The recent decline in the consumption of traditional Chinese baijiu has sparked a noteworthy trend—the rise of "light-bottle liquor." This new phenomenon prompts a compelling question: can this type of liquor, aimed at the mass market, serve as a safety net for the beverage industry as consumer preferences rapidly shift?

Changes in the baijiu market are not simply a matter of declining demand for higher-priced products; they signify deeper transformations. The demographic of baijiu consumers is aging, and there is an increasing pursuit among users for value-priced yet quality products. Simultaneously, younger consumers exhibit diverse and evolving preferences that traditional brands often struggle to meet.

While the established pyramid structure of baijiu—where premium brands sit atop the market—has been stable for years, it is beginning to face unprecedented challenges. The capacity of light-bottle liquor to support one side of the evolving "dumbbell" market structure remains uncertain and is influenced by a multitude of factors.

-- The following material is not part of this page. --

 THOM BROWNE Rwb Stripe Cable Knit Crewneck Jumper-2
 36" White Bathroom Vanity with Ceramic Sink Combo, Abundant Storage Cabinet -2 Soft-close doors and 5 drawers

Light-Bottle Liquor Defies Trends

In the current context of downgrading consumption patterns, light-bottle liquor, defined by its affordability and larger packaging, has captured the attention of a broad consumer base. Businesses tapping into this trend have reported significant growth, with leading companies reaping substantial benefits. For example, Shanxi Fenjiu Co. has found great success with its affordable Guojiao brand, which has resonated well with cost-conscious consumers.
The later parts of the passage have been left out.